I barely remember the last four days. This is probably the worst deadline I have had in the last several years. The work load and the work itself was so intense, I know I had some time with my family but I can’t really remember alot of it. I did not sleep enough. But it is over now and I took notes about the things I wanted to say in review.
I did not work alot on my WIP. I did spend an hour or so reviewing a recent scene that i wasn’t happy with. On reviewing it, it wasn’t as awful as I had feared but I just made a few notes about how to bring it up a few notches instead of trying to make the changes when I felt full of brain fog.
I actually feel like I need to stop researching or at least narrow my research at this point. I don’t really need to keep looking for things like agent and publishing information at this time. I will get stuck, second-guessing my own work to the point that I can’t move on with the manuscript. So, I am turning off the lit lessons and diving back into what I know happens in the world I am creating.
Probably about ten original words in the last 4 days. I have to take the “out” of the deadline excuse. Trying to be creative when every brain cell is literally burned out is not helping anyone.
I have a couple of nibbles on my ad to be a beta reader. Nothing submitted to me yet. I am still waiting to hear or receive a full manuscript, so I am still available for betas.
I saw, during my work breaks, a few interesting posts on Reddit. I even answered a couple. Unfortunately, now I can’t find any of them… What I can remember about them is one questioned “Choosing a POV” which I think really depends on the story. For myself, a story is being told to me in my head and I choose the POV that I hear in my mind. I often feel like I am being used like a transcriptionist.

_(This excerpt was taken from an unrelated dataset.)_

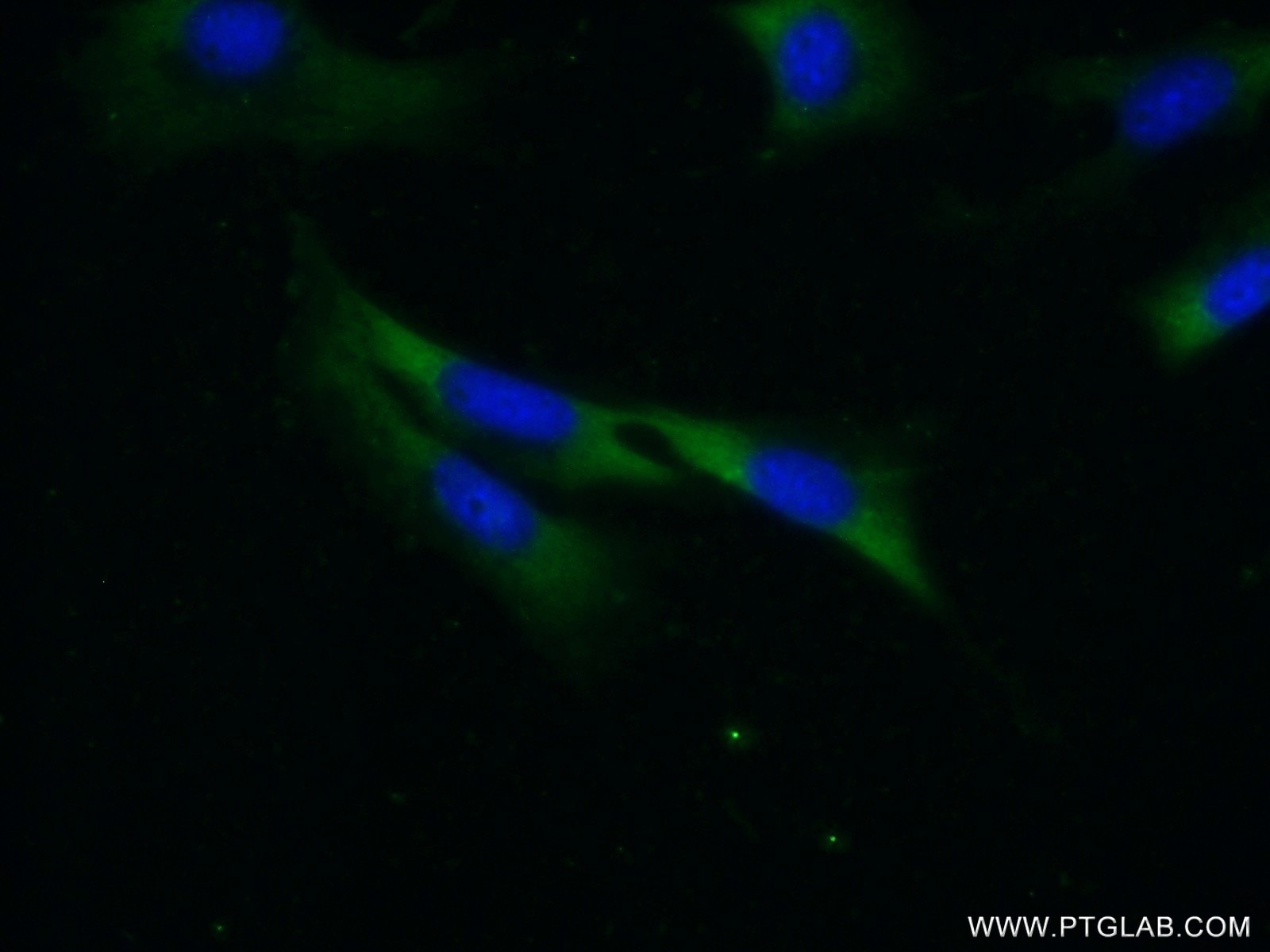 Immunofluorescence (IF) / fluorescent staining of NIH/3T3 cells using PKC Alpha Polyclonal antibody (21991-1-AP)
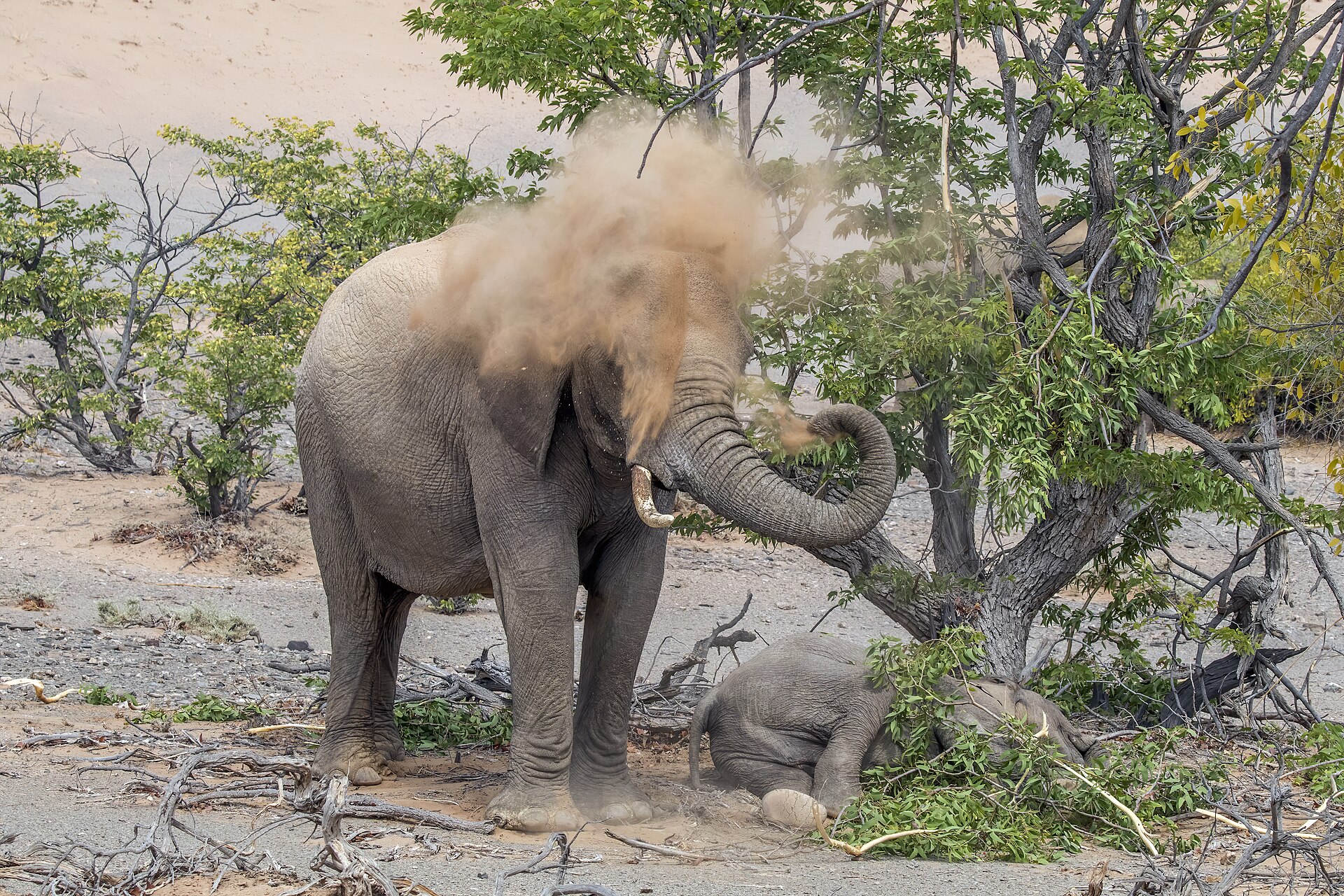 Elephants Have Unusual Enzyme Genes for Processing Foreign Compounds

“Writing Exercises” was another post that caught my attention. I like taking news articles or every-day scenes and writing them as if they are part of a larger fiction. I also like to write mundane scenes with extreme importance on describing a single sensory experience. Like sound or feeling or taste of the scene.
When I came across “AI cliches” I was very excited to give an opinion. I believe my opinion is not only correct but I think it is a relatively popular perspective. I don’t like the overused concepts like TIn Man or Pinocchio or Robot Overlords. These are not only overused, they are ridiculous. Unless you can make a good argument in the story about what would motivate an AI to fall into these traps, I would prefer to read about how an AI as its own new and unique society or minority chooses to explore their world.
There are so many talented imaginations out there. I hope to spend more time interacting with everyone in the social media spaces.
I actually took a day off to catch up on sleep and personal life stuff. My new assignment for October is going to hopefully be less demanding. It is large and that in itself will be a challenge. I am determined to relegate my day job to staying in the 7 to 4 block of the weekdays. I want my weekends and evenings back.
Sorry it is so short and choppy today but I really still need a bunch of sleep. Cya soon!